O tym, jak może wyglądać wyjście Wielkiej Brytanii z Unii Europejskiej mówił w "Magazynie ekonomicznym" Michał Garapich. Jak powiedział, sytuacja na Wyspach Brytyjskich jest dynamiczna. - Codziennie coś się dzieje. W poniedziałek mieliśmy do czynienia z ruchem ze strony obozu, który postuluje, żeby pozostać w UE. Kanclerz wskazał, jakie straty finansowe może ponieść ten kraj, jeśli opuści Unię Europejską - tłumaczył.
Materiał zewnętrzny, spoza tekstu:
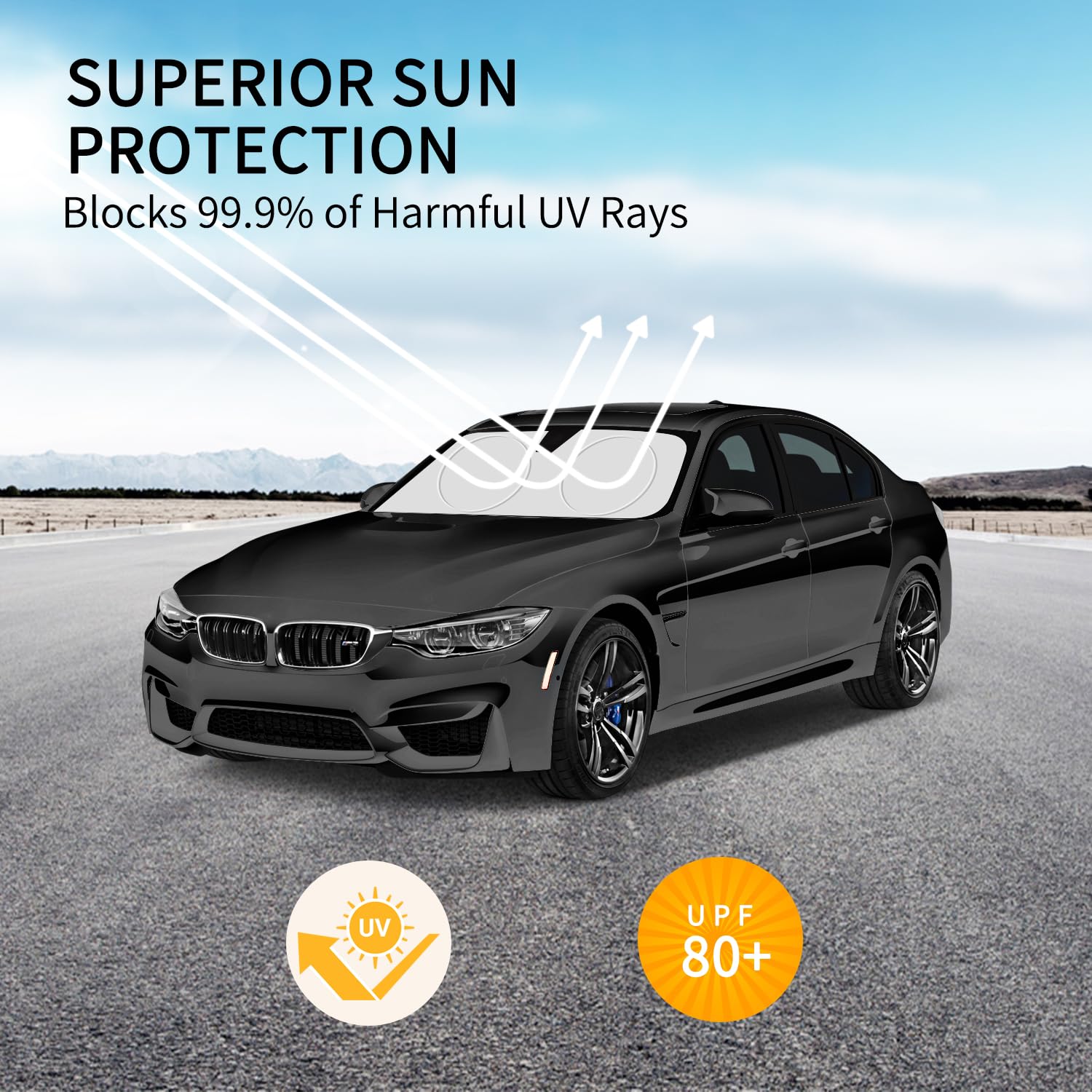Kboise 2025 Upgrade Universal Car Windshield Sun Shade, Innovative No-Light-Pass Technology For Maximum Protection, Foldable Cut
Dodał, iż wszystko będzie zależeć od tego, jaką politykę migracyjną przyjmie Wielka Brytania w przypadku Brexitu. - Jest tutaj kilka scenariuszy. Mogą przyjąć opcję norweską, która uczestniczy we wspólnym rynku, ale nie ma wpływu na proces decyzyjny. Jednym z kosztów jest tutaj wpisanie się w zasadę swobodnego przepływu osób. Wielka Brytania byłaby w trudnej sytuacji, bo okazałoby się, że cała kampania - zbudowana na uszczelnieniu granic - spaliłaby na panewce. Jeśli jednak zdecydowałoby się na większe obostrzenia migracyjne w stylu Kanady, Australii i USA, to Polacy mogliby ucierpieć - zaznaczył Garapich.

Prawa nabyte

Zwrócił uwagę, iż trzeba pamiętać, że wielu Polaków mieszka w Wielkiej Brytanii od pięciu lub sześciu lat i mają pewne prawa nabyte. - Praw nabytych w państwie prawa nie odbiera się ot tak. Te wynikające z obywatelstwa unijnego prawdopodobnie zostaną przejęte przez prawo krajowe - podkreślił.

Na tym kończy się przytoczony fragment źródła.